Test Set Task 2

description of the test set for task 2


UPDATE 13/12/2023

There was a mistake in the test set. The raw files, and the MWF files (eg. the files which were provided at 1024 Hz) were not correctly aligned. We have now corrected this mistake and replaced the files. If you have already downloaded the test set, and you are using the raw files or the MWF files, please download it again. For the preprocessed data, nothing has changed. For the files of task 1, nothing has changed.

Provided test dataset

The test data for this task can be downloaded from here. The password is the same one as provided for the training set. The directory contains following items:

  1. sub-x_mapping.json: These files link the EEG files to the possible stimuli. Since you are free to use whatever version of the data you want, these json files contain keys to the EEG files.

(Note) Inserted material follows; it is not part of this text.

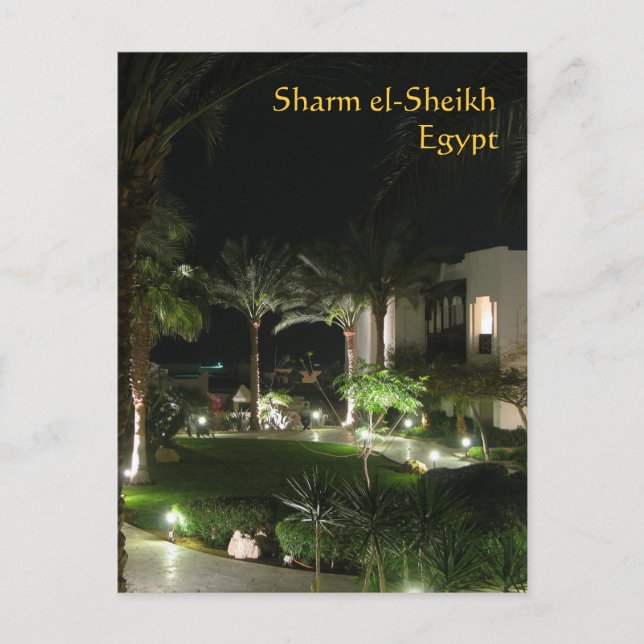 Carte Postale Hôtel à Sharm el-Sheikh (Devant)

Each entry in the json file is of the form: (segment_ID) : {’eeg’: eeg_id}.

  2. EEG data: the EEG data is provided in three formats: preprocessed, raw and half-preprocessed. Each directory contains 20 subjects’ test data in the format of sub-*.npz. Each file contains a python dictionary with entries of the form: eeg_id : EEG_data. We provide the following three formats:

    • preprocessed_eeg/sub-*.npz : Preprocessed EEG test samples: If you used the already preprocessed data for training your models, this is the test data you want to use. The same preprocessing steps were applied to this data as to the training data and you can directly use it for testing. Each EEG segment is 30 seconds long, sampled at 64 Hz and it contains 64 channels.

    • raw_eeg/sub-*.npz : Raw EEG test samples: If you prefer to preprocess the EEG data yourself, you can use this directory. The EEG entries in this directory are synchronized to the stimulus data, but other than that, no preprocessing was applied. All EEG entries are 5 seconds long, sampled at 1024~Hz. If you are interested in using these data, you can take a look at the sparKULee_loadRAWtestfiles.py file. This file loads in the raw EEG data and applies our preprocessing steps to it, in order to arrive at the preprocessed EEG data.

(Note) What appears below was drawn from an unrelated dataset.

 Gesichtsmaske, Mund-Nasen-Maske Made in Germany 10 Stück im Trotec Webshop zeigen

    • MWFilter_eeg/sub-*.npz : Half-preprocessed EEG test samples: If you want to preprocess the EEG data yourself, but you want to use some of the same preprocessing steps as we did, you can use this directory. If you are interested in using these data, you can take a look at the sparKULee_loadmwffiles.py file. In more detail, this is data on which some of the preprocessing steps of our pipeline have been applied:

      • aligment with stimulus
      • highpass-filtering (SosFiltFilt)
      • Artifact interpolation
      • Artifact removal (MWFilter)

      Thus, the data is stored at 1024 Hz, but the data is not yet downsampled to 64 Hz. We opted to include these data, since some of the preprocessing steps, namely the artifact removal using a MWF filter, use an average over time to remove the artifacts. When using segments of just 5 seconds, these steps are not as effective as when using longer segments and might produce different results. For the 30 seconds windows of the regression task, we hypothesize that this pose less of a problem, however, you are still free to use these files.
      If you have any more questions about these data, please contact us.

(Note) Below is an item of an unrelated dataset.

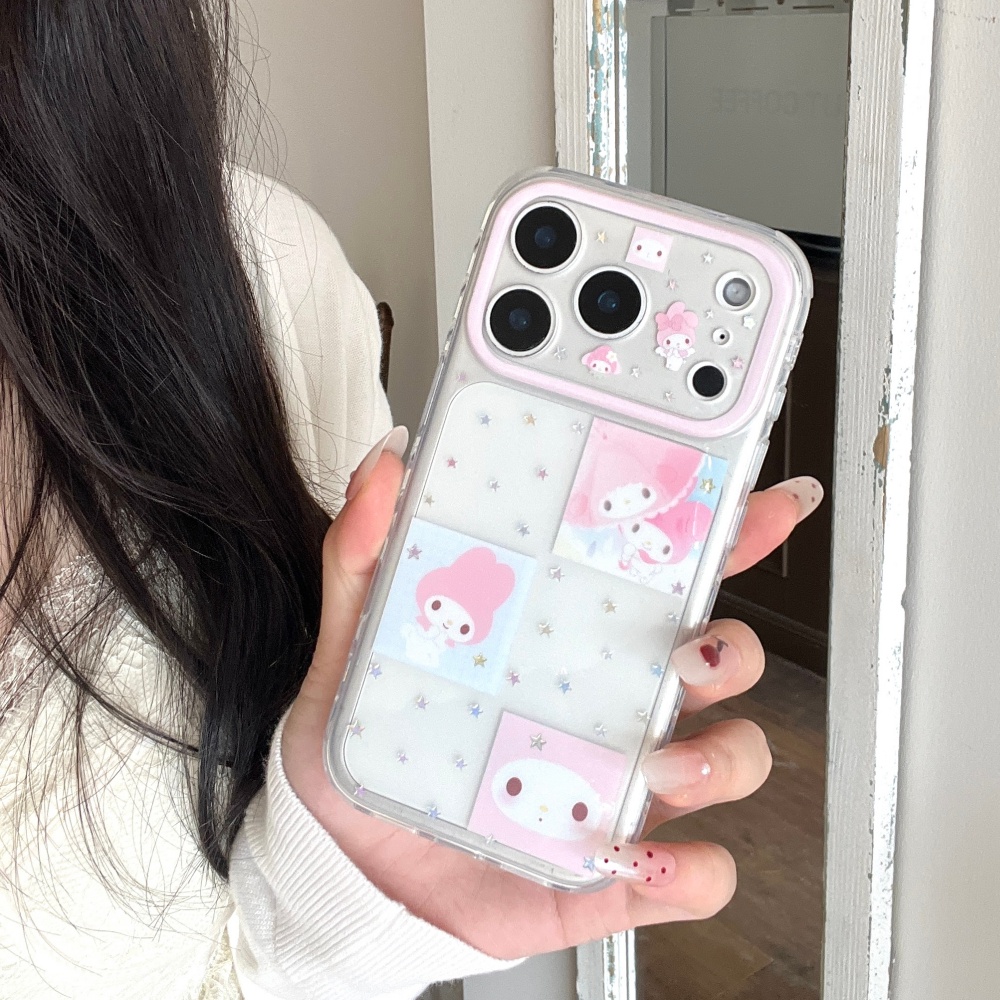 Luxury Gilded Star Melody Hot  – Phone Accessories Case recenzja i cena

If you have any more questions about these data, or about the usage of raw data, please contact us.

Usage example

If you use the preprocessed version of the EEG data you can use the provided code to load in the data and use it for testing. This code will load in a baseline pretrained model, loop over all the data of the test set, predict the reconstructed Mel and return json files in the correct format.

Expected output

As an output, participants should upload a zip file, containing json files to the following link The files should follow the following naming convention:

task_2_group_group_name_submission _submission_number.zip

where submission_number should be 1 for the first submission and can go up to 2. We will use the latest submission as the final submission, from which the ranking will be calculated. Groups that have not yet supplied their group name, should send a mail to the organisers where they specify their name. When uploading, you will be prompted to enter a name. Please enter the name of one of the officially registered participants.

The json file(s) should contain the predicted mel spectrograms for all ID segments, which can be found in the mapping ( in the form of (segment_ID) : {’eeg’: eeg_id}.) Each entry in the submitted file should be of the form segment_ID : reconstructed Mel.

A correlation value of 0 will be taken in case of absent EEG ID entries. The reconstructed mel should be of dimensions 10 x 1920 (i.e., 30 seconds of data at the prescribed sample rate of 64 Hz).

For evaluation, we will calculate the mean correlation score over bands, per subject. Then, we will calculate the mean over all the subjects means to obtain a final score, which will be updated in the online leaderboard.